Not being a mind reader, I don't know what Lauren thinks. I do know what she wrote, and that's what I responded to.


quote:

Seriously, your position's a turd, a heap of putred bullshit and that should be incredibly obvious to you.

My "position" is that sweeping generalizations about whole groups of people--"the religious"; "the Latinos"; "the French"; and so forth--are at best unwise and at worst downright bigoted. You're welcome, of course, to think otherwise.

sweeping generalizations about anything are going to be false, because there are few groups where 'everyone' is the same. That said, you can make statements about groups if backed by facts.

For example, with a group you could define as religious, people who routinely go to church, when they asked questions about thinks like attitude towards sex education in schools being taught, same sex marriage, erotic literature and so forth, every study has shown (not surprisingly) that among those who fit this particular definition, their attitudes are a lot less liberal than the general population as a whole (for example,if I remember the numbers correctly, something like 70% of people in general are in favor of sex ed in the schools in some form or another, it is about 30% for the 'religious' as defined above. Among this group, almost 70% are against legal recognition of same sex unions, among the general population last numbers are as high as 60% approving it.......and so forth.
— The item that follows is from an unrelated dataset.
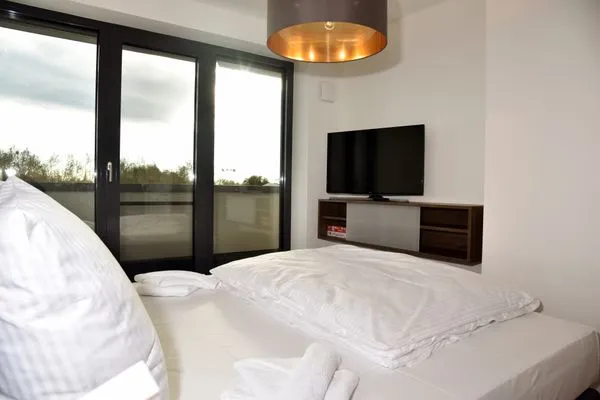 Schlafzimmer mit Doppelbett und TV Logierhaus Friedrich WE 24 - "Sandläufer"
Generalizations have merit when backed by facts. For example, it isn't a stereotype to say that among Latino's, attitudes towards family and marriage tend to be a lot more conservative and traditional than among people as a whole, surveys and studies pick this up. While it is often considered stereotyping when people talk about immigrants learning English, and that some groups are either having a hard time or refusing to learn English, there have been studies showing that at least with one group, Mexicans immigrating to the US, there are some issues, they are learning the language at a much slower rate than other groups (as to why, there could be a lot of reasons for it, could be because many might be coming here for jobs and plan to go home, or the people being studies are living in areas where they don't have to learn English....not important why, I am using this simply as a point that generalizations can have basis in fact). When I used the term "the religious', I did have frequent church attendance in mind, it is one of the ways that sociologists and those looking at societal trends define religiousity......and there are correlations there.